While there’s a lot of activity putting the production line together, there’s even more activity on the rocket itself right next door.
The Core Stage is the bottom section of the rocket that holds the new liquid natural gas booster, the fuel to will thrust the massive rocket into space. Technicians are prepping the section for ground testing to make sure it is airworthy.
“They’re instrumenting it to be able to go out into test and check the loads that we’ll put on the vehicle as we go into launch. So they’re installing numerous gauges. Upon completion of those, we’ll take the vehicle over to the on site Dynetics test facility and they’ll push, pull, twist and read the data of how the material reacts to make sure that the loads this will see during launch, that the tank can withstand that with the booster,” Terry said.

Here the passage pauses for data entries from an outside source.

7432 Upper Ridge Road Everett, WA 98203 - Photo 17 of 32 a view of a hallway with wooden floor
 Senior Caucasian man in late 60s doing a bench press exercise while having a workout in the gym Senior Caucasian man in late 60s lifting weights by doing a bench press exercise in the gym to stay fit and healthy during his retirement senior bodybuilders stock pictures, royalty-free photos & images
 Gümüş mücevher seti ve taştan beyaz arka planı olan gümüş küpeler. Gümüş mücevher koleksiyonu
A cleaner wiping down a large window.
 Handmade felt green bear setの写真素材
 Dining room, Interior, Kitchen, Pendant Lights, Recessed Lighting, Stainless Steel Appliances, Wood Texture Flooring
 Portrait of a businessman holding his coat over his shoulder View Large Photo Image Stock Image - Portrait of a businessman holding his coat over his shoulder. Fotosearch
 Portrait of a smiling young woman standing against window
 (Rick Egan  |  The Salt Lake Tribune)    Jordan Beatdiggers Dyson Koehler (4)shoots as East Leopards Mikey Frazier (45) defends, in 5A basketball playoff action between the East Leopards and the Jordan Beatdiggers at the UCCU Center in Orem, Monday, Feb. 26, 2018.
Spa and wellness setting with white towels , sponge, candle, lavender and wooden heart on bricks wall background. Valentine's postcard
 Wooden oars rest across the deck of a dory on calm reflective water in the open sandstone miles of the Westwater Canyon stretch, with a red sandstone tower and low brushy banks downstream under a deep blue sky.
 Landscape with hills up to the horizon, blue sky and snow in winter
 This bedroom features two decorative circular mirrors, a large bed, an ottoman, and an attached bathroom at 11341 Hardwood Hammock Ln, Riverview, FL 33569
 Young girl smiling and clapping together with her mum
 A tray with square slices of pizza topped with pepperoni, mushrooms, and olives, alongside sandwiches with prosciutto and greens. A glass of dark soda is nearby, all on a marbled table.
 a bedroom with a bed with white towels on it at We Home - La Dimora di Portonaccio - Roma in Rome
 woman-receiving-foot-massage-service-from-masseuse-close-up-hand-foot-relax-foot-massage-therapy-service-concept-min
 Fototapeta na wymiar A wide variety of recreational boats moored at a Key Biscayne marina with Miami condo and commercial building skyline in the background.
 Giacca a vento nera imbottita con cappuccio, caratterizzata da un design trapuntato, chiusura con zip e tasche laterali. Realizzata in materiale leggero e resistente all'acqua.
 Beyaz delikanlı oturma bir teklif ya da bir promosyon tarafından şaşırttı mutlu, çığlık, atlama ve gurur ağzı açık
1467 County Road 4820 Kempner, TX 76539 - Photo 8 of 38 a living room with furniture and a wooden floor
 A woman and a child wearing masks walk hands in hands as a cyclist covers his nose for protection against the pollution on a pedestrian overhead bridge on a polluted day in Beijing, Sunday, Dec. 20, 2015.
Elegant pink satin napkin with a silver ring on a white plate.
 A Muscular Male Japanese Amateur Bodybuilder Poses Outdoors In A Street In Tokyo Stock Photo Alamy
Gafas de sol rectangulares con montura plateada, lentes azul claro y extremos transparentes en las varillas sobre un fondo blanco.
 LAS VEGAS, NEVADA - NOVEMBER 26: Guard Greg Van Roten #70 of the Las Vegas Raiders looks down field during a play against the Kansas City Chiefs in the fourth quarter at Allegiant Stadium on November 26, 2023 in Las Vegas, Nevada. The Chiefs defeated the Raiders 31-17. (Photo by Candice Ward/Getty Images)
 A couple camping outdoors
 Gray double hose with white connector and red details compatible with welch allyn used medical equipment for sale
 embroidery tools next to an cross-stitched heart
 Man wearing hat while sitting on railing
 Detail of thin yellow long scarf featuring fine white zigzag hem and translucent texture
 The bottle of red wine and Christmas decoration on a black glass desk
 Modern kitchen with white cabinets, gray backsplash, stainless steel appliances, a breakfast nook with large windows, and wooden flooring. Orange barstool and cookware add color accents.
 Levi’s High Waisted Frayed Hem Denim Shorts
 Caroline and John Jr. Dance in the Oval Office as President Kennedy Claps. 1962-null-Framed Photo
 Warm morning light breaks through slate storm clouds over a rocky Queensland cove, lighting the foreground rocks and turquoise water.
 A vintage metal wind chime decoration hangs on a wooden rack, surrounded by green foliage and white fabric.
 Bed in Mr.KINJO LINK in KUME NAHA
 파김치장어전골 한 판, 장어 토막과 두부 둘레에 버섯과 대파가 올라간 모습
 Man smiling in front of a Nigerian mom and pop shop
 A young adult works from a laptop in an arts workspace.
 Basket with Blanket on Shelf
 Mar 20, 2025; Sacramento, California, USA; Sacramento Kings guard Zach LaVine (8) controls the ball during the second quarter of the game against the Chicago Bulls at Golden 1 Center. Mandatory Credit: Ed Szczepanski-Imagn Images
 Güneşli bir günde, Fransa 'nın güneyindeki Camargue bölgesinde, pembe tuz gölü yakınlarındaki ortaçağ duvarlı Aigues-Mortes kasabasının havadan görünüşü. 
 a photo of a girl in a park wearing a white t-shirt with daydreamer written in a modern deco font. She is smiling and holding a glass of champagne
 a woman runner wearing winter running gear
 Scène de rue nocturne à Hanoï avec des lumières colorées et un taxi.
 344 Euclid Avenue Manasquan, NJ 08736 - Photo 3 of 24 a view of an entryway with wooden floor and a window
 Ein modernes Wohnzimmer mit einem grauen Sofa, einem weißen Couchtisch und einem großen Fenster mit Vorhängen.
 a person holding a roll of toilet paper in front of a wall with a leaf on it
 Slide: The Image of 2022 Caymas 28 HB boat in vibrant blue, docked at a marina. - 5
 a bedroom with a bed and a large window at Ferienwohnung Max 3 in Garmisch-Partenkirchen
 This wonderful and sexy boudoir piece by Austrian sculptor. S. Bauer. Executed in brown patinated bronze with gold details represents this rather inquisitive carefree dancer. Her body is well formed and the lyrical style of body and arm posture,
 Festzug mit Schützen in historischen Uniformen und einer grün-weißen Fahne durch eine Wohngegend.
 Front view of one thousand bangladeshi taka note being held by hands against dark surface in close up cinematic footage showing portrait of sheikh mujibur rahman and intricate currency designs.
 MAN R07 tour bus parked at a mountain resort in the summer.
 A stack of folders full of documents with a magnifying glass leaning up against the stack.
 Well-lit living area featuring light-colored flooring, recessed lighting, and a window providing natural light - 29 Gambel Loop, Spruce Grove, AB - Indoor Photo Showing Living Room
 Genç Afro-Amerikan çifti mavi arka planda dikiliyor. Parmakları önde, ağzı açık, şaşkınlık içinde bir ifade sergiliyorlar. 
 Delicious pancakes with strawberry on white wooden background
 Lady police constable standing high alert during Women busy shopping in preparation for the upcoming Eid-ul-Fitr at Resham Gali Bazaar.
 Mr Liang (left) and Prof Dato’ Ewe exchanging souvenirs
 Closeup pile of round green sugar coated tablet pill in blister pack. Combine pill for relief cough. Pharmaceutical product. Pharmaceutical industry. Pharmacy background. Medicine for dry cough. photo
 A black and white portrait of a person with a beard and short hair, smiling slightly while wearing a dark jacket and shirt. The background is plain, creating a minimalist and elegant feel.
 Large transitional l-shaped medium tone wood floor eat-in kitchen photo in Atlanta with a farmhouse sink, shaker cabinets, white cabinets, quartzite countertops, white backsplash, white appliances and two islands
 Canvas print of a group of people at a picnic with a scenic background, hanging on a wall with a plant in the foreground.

ULA leaders say they have to get the entire rocket right. They are using a new powerful Blue Origin BE-4 engine on the core stage so there is a lot riding on the rocket.
“For us, mission success is top. We’re 100% on 133 missions and we believe in that wholeheartedly. Part of that is knowing that when you get ready to launch on launch day, that your customer can have 100% confidence in what you do. That comes through analytics and testing. We have analytics that say this is good. We want to take it to to the next step and complete testing that lets us know that what we have can do what the mission needs,” Terry stated.
Zeke says ULA is on schedule with Vulcan and will be ready to fly payloads in less than two years.
ULA divides their facility into three major areas: sub-assembly, major assemblies and final assemblies.
“We’re completing sub assemblies for first flight right now and we’re about to move into the middle third of the build where we’ll start to assemble the large items like you see here. Then it’ll come into final assembly, what you see in front of us, where we start to mate all of our large pieces together. It’ll really start to look like a rocket. We’ll do our final testing of it and then start to go out the door,” Terry said.
“We have just completed this vehicle and we’re installing the gauges on it. From a ULA standpoint, that is wrapping up right now and first flight is coming in to be able to go through those builds. We’re currently scheduled to ship out next year in the summer time frame for first flight. We’re on schedule,” he added.
ULA pulled from its past to put the rocket together. Much of its new, but there’s a lot that’s heritage hardware.
“It’s a new engine design for us, but we also took a lot of our heritage designs and you can see it in the vehicle. And so we were able to mesh the new design of the engine in with our heritage of Atlas and Delta and really come up with what we believe is an optimal design that gets us to first flight that has a lot of already flight proven elements of the vehicle,” Terry told WAFF.
August 19 was going to be the launch date for a Decatur built rocket to fly to the International Space Station as the first step toward sending U.S. astronauts to the International Space station from U.S. soil, but that date will come and go.
The rocket is ready, but the crew capsule that sits on top, is not. Boeing’s Starliner is still going through testing, even though it will fly without people on this first flight.
The core stage to the Atlas V left Decatur in late May. Any day, the rocket section called the AFT skirt will be shipped to Florida.
ULA leaders say the piece of hardware is ULA’s last commitment for flight. The mission is on hold waiting for the continued testing and approvals on the Boeing crew capsule.
NASA just reorganized it’s Human Exploration and Operations Directorate, so once those new leaders get their footing, NASA management and its private industry partners will work on new launch dates.